Business

Sri Lankan rupee depreciation far worse than Asian peers

– LKR goes down as they go up

– Crisis accelerates downward spiral

– Fails to capitalise on dollar weakening

By Madhusha Thavapalakumar

The depreciation of the Sri Lankan rupee (LKR) against the US dollar has accelerated over the past two months even though other regional currencies have either strengthened or depreciated minimally against the dollar over the same period.
Research carried out by The Sunday Morning Business on currency depreciation in regional economies revealed that since the political crisis erupted on 26 October, the rate of depreciation of the Sri Lankan rupee accelerated, while four other currencies have strengthened.
The other currencies taken into account for the purposes of comparison were the Indian rupee, Bangladeshi taka, Pakistani rupee, Vietnamese dong, Malaysian ringgit, and Thai baht.
Vietnam and Bangladesh have maintained a similar trajectory of depreciation over these two months; while the other four countries have seen their currencies strengthening during the period between 26 October and 22 November (during the political crisis) in comparison with the period between 25 September and 25 October (pre-political crisis).
It is also noteworthy that the strengthening of the US dollar, which led to the rapid weakening of emerging market currencies this year, has slowed down over the past four weeks.

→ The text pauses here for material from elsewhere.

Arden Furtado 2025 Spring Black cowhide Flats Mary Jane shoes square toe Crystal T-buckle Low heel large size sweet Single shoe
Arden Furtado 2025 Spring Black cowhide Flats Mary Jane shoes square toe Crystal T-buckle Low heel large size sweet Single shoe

While this has helped other regional currencies, as well as global currencies, to recover, it appears to have had no positive impact on the Sri Lankan rupee.
Measured by the dollar index movements, prior to the crisis, the dollar strengthened by 2.7% and since 26 October, it has recorded a slower rate of appreciation of 0.12%.
The Dollar Index is an indicator of the value of the US dollar in relation to a basket of foreign currencies which comprises the euro (EUR), Japanese yen (JPY), pound sterling (GBP), Canadian dollar (CAD), Swedish krona (SEK), and Swiss franc.
It is also interesting that, contrary to views expressed by the then Government that the rate of depreciation of the Sri Lankan rupee in the pre-crisis period was less than other regional currencies, it had in fact been worse than all other currencies in this table with the exception of Pakistan.
Suffering from depreciation since the beginning of 2018, the recent recovery in these regional currencies has been driven by a fall in global crude oil prices over the last couple of weeks and a weakening US dollar.
The Sri Lankan rupee (LKR) fell to a record low of 180.66 against the dollar on Friday (23), three days after Moody’s downgraded the country’s credit rating for the first time since it started rating the country in 2010, owing to the worsening political crisis. The LKR has fallen 17.7% so far this year.